Print out the data that follows exactly, character for character, apart from the pictures.

──────── MATERIAL TO PROCESS ────────

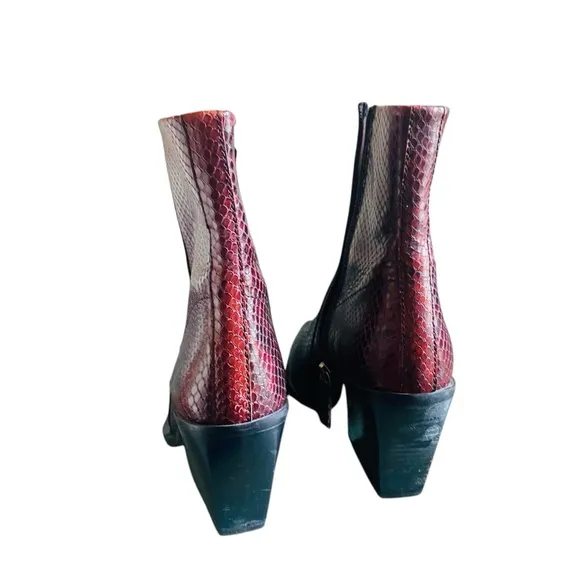 TOPSHOP Honour Leather Western Snakeskin Boots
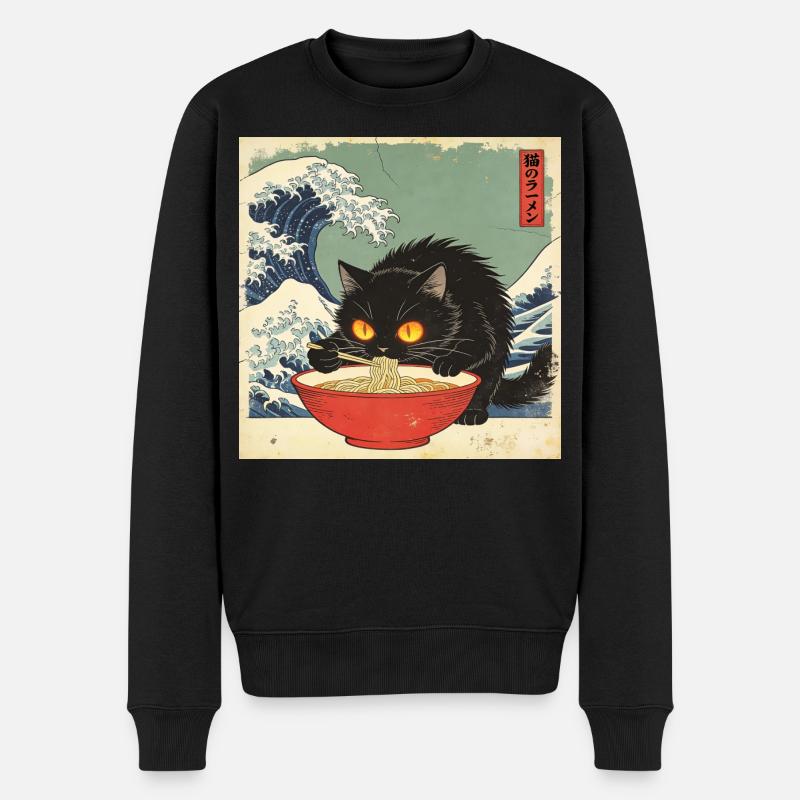 Japan Cat Ramen Nudeln Retro Wave Muster - Männer Premium Bio Pullover - Schwarz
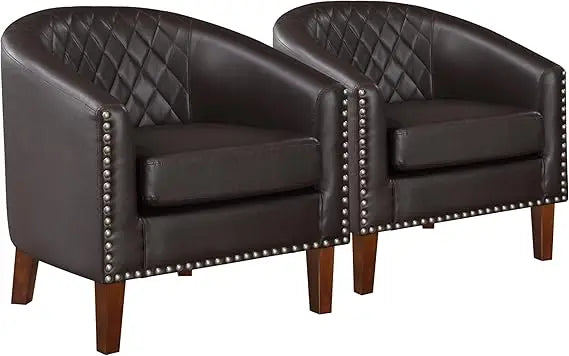 Comfy Barrel Accent Chair Set of 2 - Faux Leather Living Room Chair Club Chair with Cushion, Diamond Grid Backrest & Nailhead T
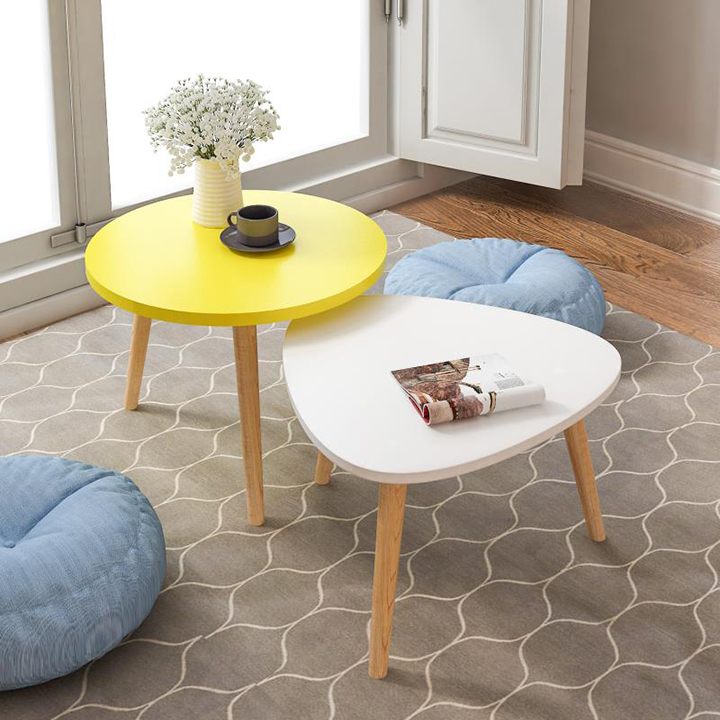 Combo Bàn Trà Sofa Bàn Trà Cafe Vintage Chân Gỗ Sồi  - BT50M+BT40M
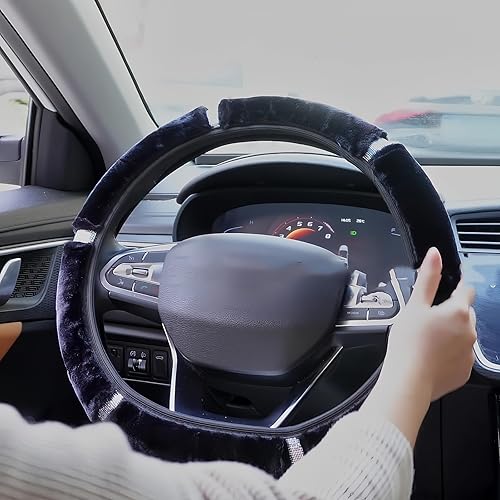 Miniatura 2 de funda para volante mullida y peluda para mujer y niña, de colores, con brillantes, suave terciopelo cálido, universal, de 15pulgadas, para vehículos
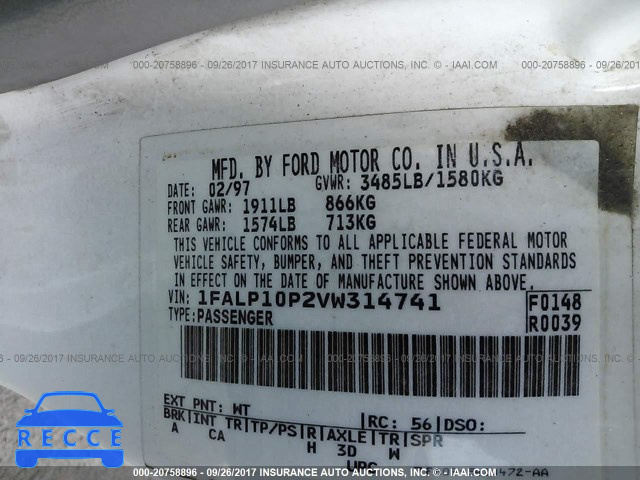 1997 Ford Escort 1FALP10P2VW314741 image 8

────────

__SOLUTION TO THIS TASK__:
 TOPSHOP Honour Leather Western Snakeskin Boots
 Japan Cat Ramen Nudeln Retro Wave Muster - Männer Premium Bio Pullover - Schwarz
 Comfy Barrel Accent Chair Set of 2 - Faux Leather Living Room Chair Club Chair with Cushion, Diamond Grid Backrest & Nailhead T
 Combo Bàn Trà Sofa Bàn Trà Cafe Vintage Chân Gỗ Sồi  - BT50M+BT40M
 Miniatura 2 de funda para volante mullida y peluda para mujer y niña, de colores, con brillantes, suave terciopelo cálido, universal, de 15pulgadas, para vehículos
 1997 Ford Escort 1FALP10P2VW314741 image 8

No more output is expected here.